Benchmark performance
It might not be obvious why a model trained on the fallible dataset would perform better at solving mazes, because while it learns to correct its errors, it also learns to make mistakes as well. It seems plausible that these two effects would cancel out, and you’d have a model no better (or even slightly worse) than the oracle model.
To test this, I constructed a benchmark where both models generated solutions for 2000 mazes, which were then checked for correctness. A solution was correct if it got to the end and didn’t cheat by going through any walls.
Running this benchmark on multiple pairs of models at various different sizes reveals that the fallible model performs better than the oracle model at every size tested, despite being otherwise identical. This difference is fairly tangible, improving maze solving performance between 2% and 5%.
This indicates that the fallible model has a consistent performance advantage , even though you could imagine many reasons this should not be true (the generated paths are longer and more confusing, the training data moves are occasionally going the wrong way and so the objective signal is more noisy, etc). I find this result quite surprising as the fallible model has a distinct decision-making disadvantage, since it is trained to make mistakes.
Probing the residual stream
I thought it was interesting to try to probe the residual stream to see how it understood mazes, and in particular if it represented mistaken moves.
It’s interesting that I couldn’t find a linear representation of mistaken moves in the residual stream. I trained a linear probe that couldn’t pick it up, but a non-linear probe with a simple ReLu could pick it up easily. A similar parallel happened in investigating OrthelloGPT, where it turned out that the model learned a feature for “my move vs. your move” instead of “black move vs white move”. It’s plausible something similar is true of this case as well.
I would bet that there is some actual representation of what a mistake is linearly, but maybe the definition I’m using is slightly wrong, or the training process process is too sensitive. I’m super curious to see what this model could actually be learning and how this differs from human intuition.

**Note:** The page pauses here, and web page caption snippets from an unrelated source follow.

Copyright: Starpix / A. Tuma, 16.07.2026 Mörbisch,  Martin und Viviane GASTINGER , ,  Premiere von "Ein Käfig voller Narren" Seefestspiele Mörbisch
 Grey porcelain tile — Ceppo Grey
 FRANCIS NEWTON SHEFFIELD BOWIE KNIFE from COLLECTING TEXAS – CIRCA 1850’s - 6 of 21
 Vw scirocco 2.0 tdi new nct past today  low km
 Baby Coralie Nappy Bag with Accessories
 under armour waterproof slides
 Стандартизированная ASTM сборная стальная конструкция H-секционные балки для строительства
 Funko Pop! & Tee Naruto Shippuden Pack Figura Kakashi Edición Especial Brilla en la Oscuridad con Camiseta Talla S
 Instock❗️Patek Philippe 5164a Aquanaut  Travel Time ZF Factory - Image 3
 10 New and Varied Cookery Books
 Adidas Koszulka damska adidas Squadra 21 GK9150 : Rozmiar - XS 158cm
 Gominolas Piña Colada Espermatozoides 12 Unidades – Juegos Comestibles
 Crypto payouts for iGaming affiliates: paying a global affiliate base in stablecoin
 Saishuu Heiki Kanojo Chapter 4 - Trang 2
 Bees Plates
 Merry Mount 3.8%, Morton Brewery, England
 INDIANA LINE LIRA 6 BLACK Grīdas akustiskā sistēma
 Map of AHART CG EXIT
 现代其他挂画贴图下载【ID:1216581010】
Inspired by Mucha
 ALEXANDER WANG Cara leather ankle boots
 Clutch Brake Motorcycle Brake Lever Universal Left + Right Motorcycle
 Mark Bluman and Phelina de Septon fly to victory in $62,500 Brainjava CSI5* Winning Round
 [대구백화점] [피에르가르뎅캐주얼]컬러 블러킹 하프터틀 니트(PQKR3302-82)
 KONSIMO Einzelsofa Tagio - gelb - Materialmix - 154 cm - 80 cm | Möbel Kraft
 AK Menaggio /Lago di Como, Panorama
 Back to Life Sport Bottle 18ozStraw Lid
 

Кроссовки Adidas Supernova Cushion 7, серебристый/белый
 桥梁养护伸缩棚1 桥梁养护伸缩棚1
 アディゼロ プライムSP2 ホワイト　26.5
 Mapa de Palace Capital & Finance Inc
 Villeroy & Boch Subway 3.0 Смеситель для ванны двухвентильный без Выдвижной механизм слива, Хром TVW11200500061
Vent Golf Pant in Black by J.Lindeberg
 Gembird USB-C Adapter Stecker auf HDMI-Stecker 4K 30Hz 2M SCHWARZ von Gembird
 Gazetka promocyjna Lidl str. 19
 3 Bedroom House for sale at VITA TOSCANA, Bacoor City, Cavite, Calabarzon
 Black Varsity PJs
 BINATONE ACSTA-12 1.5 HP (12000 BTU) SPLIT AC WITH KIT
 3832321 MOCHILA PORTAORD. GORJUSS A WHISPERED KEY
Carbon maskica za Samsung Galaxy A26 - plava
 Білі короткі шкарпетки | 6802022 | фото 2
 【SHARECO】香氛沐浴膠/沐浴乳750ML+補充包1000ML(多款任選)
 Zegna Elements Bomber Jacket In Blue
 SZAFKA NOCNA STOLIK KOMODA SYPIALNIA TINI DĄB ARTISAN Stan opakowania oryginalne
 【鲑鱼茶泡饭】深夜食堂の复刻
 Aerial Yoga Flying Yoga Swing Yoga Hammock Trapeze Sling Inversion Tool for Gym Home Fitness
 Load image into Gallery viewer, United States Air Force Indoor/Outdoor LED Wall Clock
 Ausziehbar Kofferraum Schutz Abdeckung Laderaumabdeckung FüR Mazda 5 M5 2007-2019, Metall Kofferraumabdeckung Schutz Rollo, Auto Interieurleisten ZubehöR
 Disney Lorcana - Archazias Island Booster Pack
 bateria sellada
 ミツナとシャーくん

The non-linear probe reveals something about how the model decides where to go. In the figure below, we take partially completed paths and move around the endpoint of the maze, plotting the value of the mistake feature as we go. As the endpoint is moved behind the path, the mistake feature is more activated, versus when it is in front of the current position:
Another technique to try would have been to use a sparse autoencoder, but these seem to have problems of their own.
Next steps
- I still find it pretty interesting that using an extra token, in this case a wrong move, actually improves the overall performance. Can the same effect be observed by other means, for instance, outputting an empty token so more computation can be performed?
- Can this be generalized to non-turn-based problem solving, like writing an English essay, where there are no concrete “moves”? This probably requires more understanding of how models think and how to wield the tools of mechanistic interpretability more effectively.
- Can mathematical reasoning be improved this way? This sort of marking of incorrect and incorrect moves is currently pretty constrained to problems solved through discrete moves. Mathematical reasoning seems like a particularly good candidate for this intervention!